I'll deal with the second part first, the issue of government.
For a number of years the perception of government in the online environment was this e-government, this notion of delivering government services online. That is a very good thing. In fact, Canada was seen as being very good at it. Today there is in many countries an increasing emphasis on what might be seen not as e-government but rather as open government, saying that we can take many of the data sets that reside in government—and not all of these are political policy things. This is everything from weather data--weather data is a classic one that we take for granted--to government-generated, which we make available, and you get economic ecosystems that develop around that. But at the moment there is still a lot of data--population data, labour data, Statistics Canada data, Industry Canada data--largely in data sets that are not readily accessible.
What we are seeing take place at the national level in other countries like the U.S. and the U.K. is to try to put those data sets online and then make them freely available to mix and reuse, in a sense to mash up and have the public add value to it. I can't tell you necessarily everything that is going to happen with that other than to say we are going to see things happen with it.
In Vancouver right now they put their data up, everything from basic garbage collection data to other kinds of municipal service-type data, and they said you can do what you like with it. I was just literally this morning at a meeting on open government, and one of the initiatives they were talking about was VanTrash. For whatever reason, Vancouver changes the dates of trash collection every month. I don't understand why, but apparently they do. What did this do? This took Google Maps, mashed it up with the data the city was supplying, and allowed people to take a look at where they were and to get an e-mail notification the night before their trash was scheduled to be removed. It is the sort of thing we would typically think of as e-government, and in fact, it's not the government providing it, it's the public that is using this data to build and mash up on it.

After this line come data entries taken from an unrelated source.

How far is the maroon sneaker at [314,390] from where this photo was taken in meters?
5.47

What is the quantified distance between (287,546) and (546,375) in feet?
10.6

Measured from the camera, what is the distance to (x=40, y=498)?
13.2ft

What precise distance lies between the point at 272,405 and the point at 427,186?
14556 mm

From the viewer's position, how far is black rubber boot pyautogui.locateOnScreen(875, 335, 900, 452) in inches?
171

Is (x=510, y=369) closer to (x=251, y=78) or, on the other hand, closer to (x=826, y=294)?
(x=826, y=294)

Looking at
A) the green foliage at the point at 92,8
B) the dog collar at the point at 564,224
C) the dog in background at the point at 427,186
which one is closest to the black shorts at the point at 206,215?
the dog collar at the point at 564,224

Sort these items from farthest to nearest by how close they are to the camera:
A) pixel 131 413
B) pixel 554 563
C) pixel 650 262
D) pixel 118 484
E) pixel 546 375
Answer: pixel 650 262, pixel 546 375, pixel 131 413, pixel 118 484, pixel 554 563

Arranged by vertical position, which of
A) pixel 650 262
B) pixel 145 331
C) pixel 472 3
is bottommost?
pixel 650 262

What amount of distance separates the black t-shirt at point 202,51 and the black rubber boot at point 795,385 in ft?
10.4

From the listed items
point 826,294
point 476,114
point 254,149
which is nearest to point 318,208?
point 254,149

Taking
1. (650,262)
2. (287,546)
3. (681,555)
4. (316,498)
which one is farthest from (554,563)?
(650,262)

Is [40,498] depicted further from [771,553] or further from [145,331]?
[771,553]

So I think we're seeing a lot of that and I think there would be a lot of value in doing that.
On the issue of digitization, there are a number of digitization initiatives that are taking place. The University of Alberta is doing some things where it tries to take some of our cultural heritage and bring it into the online world. The best-known digitization initiative anywhere right now is the Google initiative. It is of course taking books and digitizing them.
The Google initiative is a great initiative, but if we live in a world where the only major digitizer is Google, that's a problem. What we need is to recognize that we are a relatively small country. We could, if we wanted, create a national digital library in which we digitize everything. We could start, if we wanted, just with works that are in the public domain. If you want to start with what is non-controversial, no longer copyright-associated, and everything in the public domain all gets digitized, and from there start moving toward all the other works, you could find ways.
Germany is trying to move forward with the same kind of thing and to do it in a way that builds in some kind of compensation model when the works are being used. But if you do that, what could be a better way of ensuring access by Canadians and by the world to Canadian culture than by ensuring it is available in a digital format?